(Short descriptive text snippets)
================================
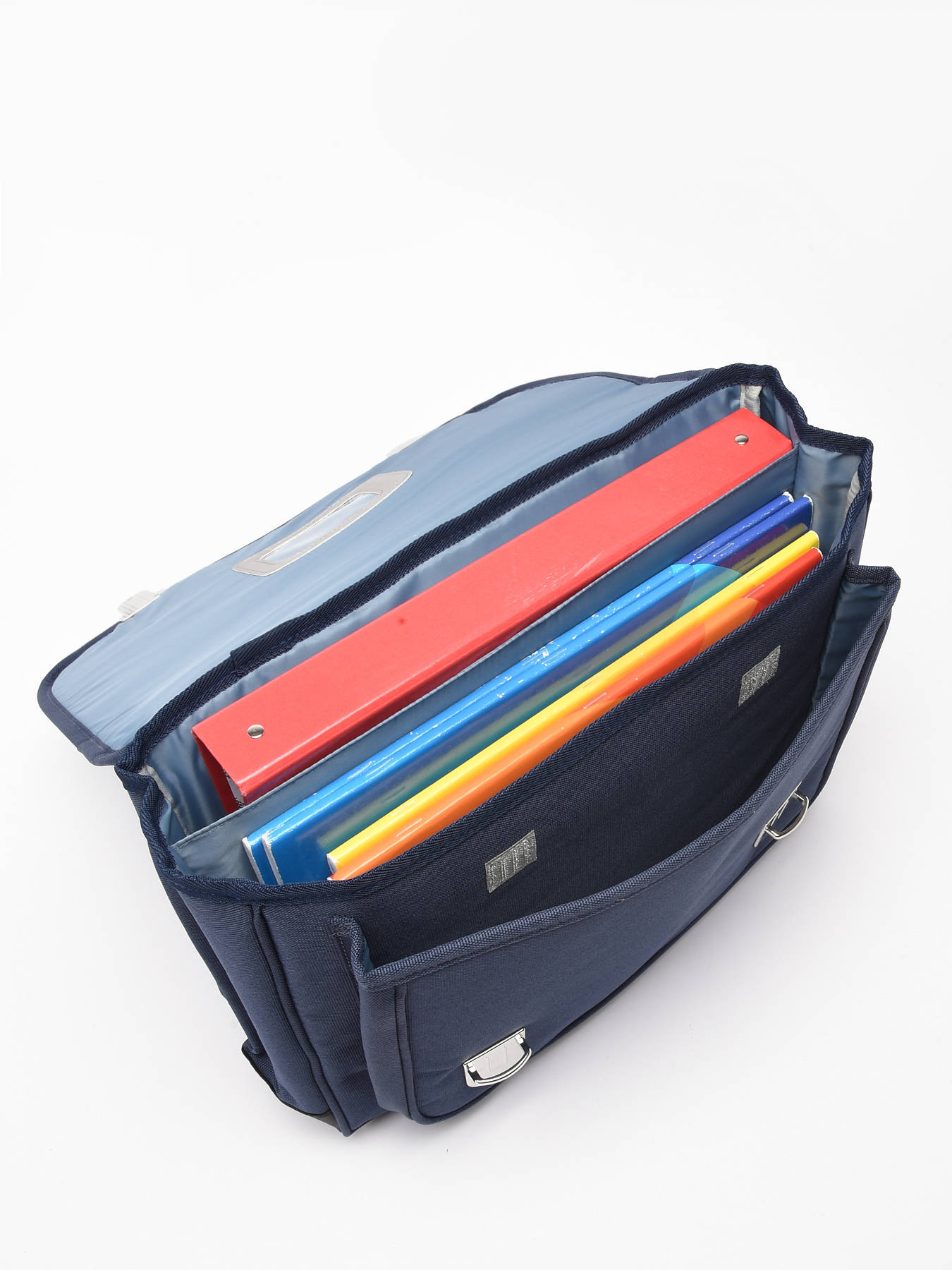 cartable CARAMEL ET CIE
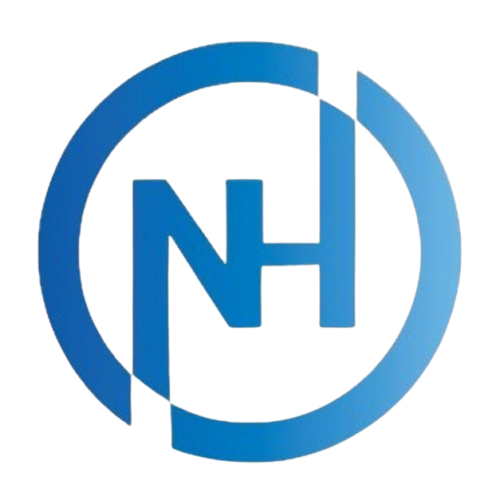 Nifty Home Technical Services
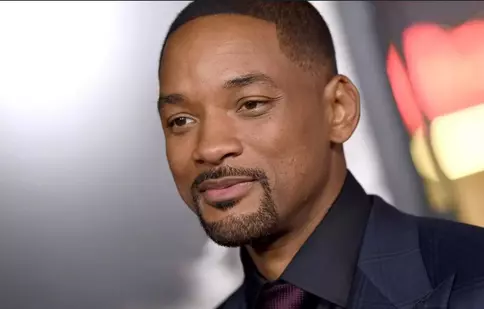 Care este filmul pe care Will Smith îl consideră cel mai slab din cariera lui: „E ca un spin în coaste”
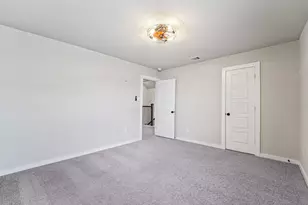 15011 Red Buckeye Dr, Cypress, TX 77433 - Photo 14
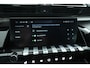 Peugeot 508 SW 1.5 BlueHDI Allure Automaat, Digital dash! halfleder, climate,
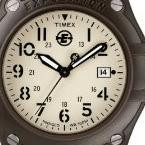 Timex Outdoor Casual T49777 7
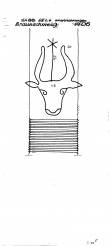 Wasserzeichen DE1335-PO-78568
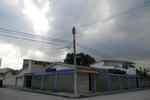 Tangara Guest House - Image 8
================================
◆ **Problem details**: Please reproduce the data above word for word, skipping all images.

◆ **Finished exercise**:
 cartable CARAMEL ET CIE
 Nifty Home Technical Services
 Care este filmul pe care Will Smith îl consideră cel mai slab din cariera lui: „E ca un spin în coaste”
 15011 Red Buckeye Dr, Cypress, TX 77433 - Photo 14
 Peugeot 508 SW 1.5 BlueHDI Allure Automaat, Digital dash! halfleder, climate,
 Timex Outdoor Casual T49777 7
 Wasserzeichen DE1335-PO-78568
 Tangara Guest House - Image 8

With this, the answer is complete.